1. Is there a legal definition of a franchise and, if so, what is it?

The definition of a "franchise" is covered in Article 284 of the Commercial Law 2005 ("the Commercial Law"). This defines a franchise as a commercial activity whereby a franchisor authorizes and requires a franchisee to conduct the purchase and sale of goods or provision of services on its behalf. These transactions must follow the conditions below:

a) The purchase and sale of goods or the provision of services must be conducted under the method of business organization specified by the franchisor. It must also be associated with the trademark, trade name, business know-how, business mission statements, business logo and advertising of the franchisor; and

b) The franchisor has the right to control and offer assistance to the franchisee in the conduct of the business.

2. Are there any requirements that must be met prior to the offer and/or sale of a franchise? If so, please describe and include any potential consequences for failing to comply.

Before conducting franchising activities, both franchisors and franchisees must meet the following conditions:

a) The franchisor's business system (to be franchised) must have been in operation for at least one year as per Article 5 of Decree 35/2006/ND-CP (as amended by Article 8 of Decree 08/2018/ND-CP) ("Decree 35").

A violation of this provision shall be subject to (i) a monetary fine from VND 10,000,000 to VND 20,000,000, and (ii) a remedial measure requiring the return of any illegal profits as per Articles 4, 75.3 and 75.6 of Decree 98/2020/ND-CP ("Decree 98").

b) Foreign franchisors must register their franchising activities with the Ministry of Industry and Trade ("MOIT") following Article 17 of Decree 35.

A breach of this requirement shall be subject to the same monetary fines and remedial measures mentioned above.

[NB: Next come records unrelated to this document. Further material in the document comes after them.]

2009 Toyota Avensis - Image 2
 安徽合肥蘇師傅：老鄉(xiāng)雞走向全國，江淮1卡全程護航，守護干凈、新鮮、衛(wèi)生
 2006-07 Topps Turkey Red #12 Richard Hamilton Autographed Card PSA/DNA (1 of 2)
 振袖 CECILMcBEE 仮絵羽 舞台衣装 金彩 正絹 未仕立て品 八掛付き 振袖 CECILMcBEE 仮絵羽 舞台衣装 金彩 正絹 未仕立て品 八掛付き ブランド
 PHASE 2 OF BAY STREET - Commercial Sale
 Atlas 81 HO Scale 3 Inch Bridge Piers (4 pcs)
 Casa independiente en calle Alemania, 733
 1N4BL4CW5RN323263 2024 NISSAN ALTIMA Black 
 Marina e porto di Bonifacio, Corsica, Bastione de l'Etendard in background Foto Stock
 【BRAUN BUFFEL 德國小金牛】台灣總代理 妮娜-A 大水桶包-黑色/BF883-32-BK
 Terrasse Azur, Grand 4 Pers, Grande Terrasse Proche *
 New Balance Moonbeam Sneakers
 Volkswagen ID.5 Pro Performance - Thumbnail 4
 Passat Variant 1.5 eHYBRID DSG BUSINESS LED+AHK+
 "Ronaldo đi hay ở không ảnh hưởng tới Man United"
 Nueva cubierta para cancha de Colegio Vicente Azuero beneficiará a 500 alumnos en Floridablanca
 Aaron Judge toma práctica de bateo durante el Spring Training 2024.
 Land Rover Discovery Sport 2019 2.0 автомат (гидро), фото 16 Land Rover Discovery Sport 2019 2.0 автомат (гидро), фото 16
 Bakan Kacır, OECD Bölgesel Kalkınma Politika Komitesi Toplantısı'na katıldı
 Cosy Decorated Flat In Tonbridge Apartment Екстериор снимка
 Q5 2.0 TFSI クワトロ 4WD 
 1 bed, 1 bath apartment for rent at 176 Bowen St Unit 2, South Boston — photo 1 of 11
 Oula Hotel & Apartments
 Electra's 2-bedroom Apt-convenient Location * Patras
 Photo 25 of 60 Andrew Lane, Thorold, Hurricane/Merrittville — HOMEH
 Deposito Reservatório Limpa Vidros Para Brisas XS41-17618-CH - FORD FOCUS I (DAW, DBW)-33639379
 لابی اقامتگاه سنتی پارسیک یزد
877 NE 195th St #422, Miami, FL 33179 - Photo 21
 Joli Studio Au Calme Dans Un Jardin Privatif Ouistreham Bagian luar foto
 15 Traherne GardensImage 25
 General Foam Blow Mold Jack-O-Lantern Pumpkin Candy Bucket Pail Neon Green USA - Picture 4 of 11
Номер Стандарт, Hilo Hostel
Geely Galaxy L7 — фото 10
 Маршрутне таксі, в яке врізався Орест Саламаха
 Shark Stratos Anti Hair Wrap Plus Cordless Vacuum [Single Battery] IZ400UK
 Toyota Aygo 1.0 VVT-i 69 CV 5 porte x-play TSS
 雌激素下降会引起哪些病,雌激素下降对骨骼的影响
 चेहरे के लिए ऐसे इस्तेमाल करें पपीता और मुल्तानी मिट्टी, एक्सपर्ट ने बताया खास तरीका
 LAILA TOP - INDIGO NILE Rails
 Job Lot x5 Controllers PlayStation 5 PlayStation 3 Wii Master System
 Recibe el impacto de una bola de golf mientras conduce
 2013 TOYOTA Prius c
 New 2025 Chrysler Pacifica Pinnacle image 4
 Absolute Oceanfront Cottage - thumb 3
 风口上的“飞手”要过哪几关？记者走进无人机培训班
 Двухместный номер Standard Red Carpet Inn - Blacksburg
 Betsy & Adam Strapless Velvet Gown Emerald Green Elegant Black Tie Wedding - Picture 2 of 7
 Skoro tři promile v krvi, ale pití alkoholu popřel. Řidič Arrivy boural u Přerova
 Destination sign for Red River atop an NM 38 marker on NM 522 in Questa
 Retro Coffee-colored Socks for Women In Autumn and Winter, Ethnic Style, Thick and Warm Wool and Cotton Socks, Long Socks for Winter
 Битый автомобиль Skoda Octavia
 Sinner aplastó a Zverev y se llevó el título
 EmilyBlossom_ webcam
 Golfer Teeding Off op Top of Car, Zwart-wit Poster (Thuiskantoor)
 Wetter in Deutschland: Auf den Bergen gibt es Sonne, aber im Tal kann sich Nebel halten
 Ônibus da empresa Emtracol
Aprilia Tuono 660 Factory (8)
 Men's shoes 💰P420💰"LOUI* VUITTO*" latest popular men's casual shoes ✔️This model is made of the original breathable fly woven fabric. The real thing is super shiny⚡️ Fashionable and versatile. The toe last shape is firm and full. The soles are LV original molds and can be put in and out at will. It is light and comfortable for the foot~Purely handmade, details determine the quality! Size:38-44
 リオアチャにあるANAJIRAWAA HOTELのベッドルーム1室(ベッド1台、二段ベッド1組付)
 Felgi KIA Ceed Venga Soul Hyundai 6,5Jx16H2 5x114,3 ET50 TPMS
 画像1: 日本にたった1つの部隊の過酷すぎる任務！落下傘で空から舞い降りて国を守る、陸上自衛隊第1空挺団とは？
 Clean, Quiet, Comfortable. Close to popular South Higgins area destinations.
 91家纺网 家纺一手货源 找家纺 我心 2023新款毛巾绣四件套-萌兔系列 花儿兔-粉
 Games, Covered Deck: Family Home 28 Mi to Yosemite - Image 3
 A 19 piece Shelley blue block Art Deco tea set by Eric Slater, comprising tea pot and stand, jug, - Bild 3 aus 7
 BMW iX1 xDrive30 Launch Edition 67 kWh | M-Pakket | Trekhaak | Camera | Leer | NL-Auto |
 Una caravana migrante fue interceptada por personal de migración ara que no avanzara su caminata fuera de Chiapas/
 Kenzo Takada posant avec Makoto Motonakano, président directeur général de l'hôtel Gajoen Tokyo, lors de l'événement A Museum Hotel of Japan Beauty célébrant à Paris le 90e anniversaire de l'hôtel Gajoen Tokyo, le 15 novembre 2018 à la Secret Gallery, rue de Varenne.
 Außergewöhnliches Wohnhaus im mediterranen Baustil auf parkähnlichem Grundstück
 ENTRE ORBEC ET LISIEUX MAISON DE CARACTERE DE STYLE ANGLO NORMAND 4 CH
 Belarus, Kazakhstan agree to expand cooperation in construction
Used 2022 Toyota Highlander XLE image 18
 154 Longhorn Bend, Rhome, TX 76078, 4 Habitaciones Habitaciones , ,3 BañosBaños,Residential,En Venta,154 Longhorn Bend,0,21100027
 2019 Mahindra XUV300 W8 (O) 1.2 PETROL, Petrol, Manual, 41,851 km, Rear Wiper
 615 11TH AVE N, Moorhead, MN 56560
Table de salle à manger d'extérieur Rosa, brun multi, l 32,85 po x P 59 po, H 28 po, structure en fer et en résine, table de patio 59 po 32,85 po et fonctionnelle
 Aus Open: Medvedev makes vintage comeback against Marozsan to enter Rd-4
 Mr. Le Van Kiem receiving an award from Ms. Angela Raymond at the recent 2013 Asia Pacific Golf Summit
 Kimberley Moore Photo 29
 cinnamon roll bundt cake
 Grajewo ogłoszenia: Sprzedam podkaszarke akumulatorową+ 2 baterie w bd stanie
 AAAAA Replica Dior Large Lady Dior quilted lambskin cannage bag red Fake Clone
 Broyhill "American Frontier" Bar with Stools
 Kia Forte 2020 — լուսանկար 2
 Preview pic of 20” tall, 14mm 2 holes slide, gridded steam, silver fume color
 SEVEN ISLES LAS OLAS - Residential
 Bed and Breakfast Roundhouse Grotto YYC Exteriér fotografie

c) The franchisor must disclose to the franchisee information regarding the franchise system. This must include a franchise agreement template and an introductory franchise document as stipulated in Article 8.1 of Decree 35. The franchisee will need to provide any information reasonably required by the franchisor for the franchise activity.

A violation of this condition shall lead to (i) a monetary fine from VND 6,000,000 to VND 10,000,000, and (ii) a remedial measure requiring the return of any illegal profits under Articles 4, 75.2, and 75.6 of Decree 98.

d) The franchisee must fulfill all other relevant requirements applicable to the franchised business, depending on the sector. This includes, but is not limited to, sub-license requirements such as food safety satisfaction, fire protection sub-licenses, etc.

Infringement of these requirements shall be handled according to relevant laws.

3. Are there any registration requirements for franchisors and/or franchisees? If so, please describe them and include any potential consequences for failing to comply. Is there an obligation to update existing registrations? If so, please describe.

a) Foreign franchisors, including sub-franchisors, must register their franchise activity with MOIT before conducting franchising activities as per Article 17 of Decree 35. This regulation does not apply to (a) domestic franchisors/franchising or (b) overseas franchising (where the franchisor's business system originates in Vietnam).

b) If registration is required, the following steps apply:

Step 1: Franchisors must submit to MOIT the application dossiers requesting the registration of commercial franchising activities. These dossiers should include: (i) the registration forms, (ii) the introductory franchise document ("FID"), (iii) documents certifying the legal status of the franchisors, (iv) industrial property right protection deeds, and (v) documentation regarding the approval of the master franchisor in case of subfranchising (under Article 19 of Decree 35 and Clause 2, Section II of Circular 9/2006/TT-BTM ("Circular 9")).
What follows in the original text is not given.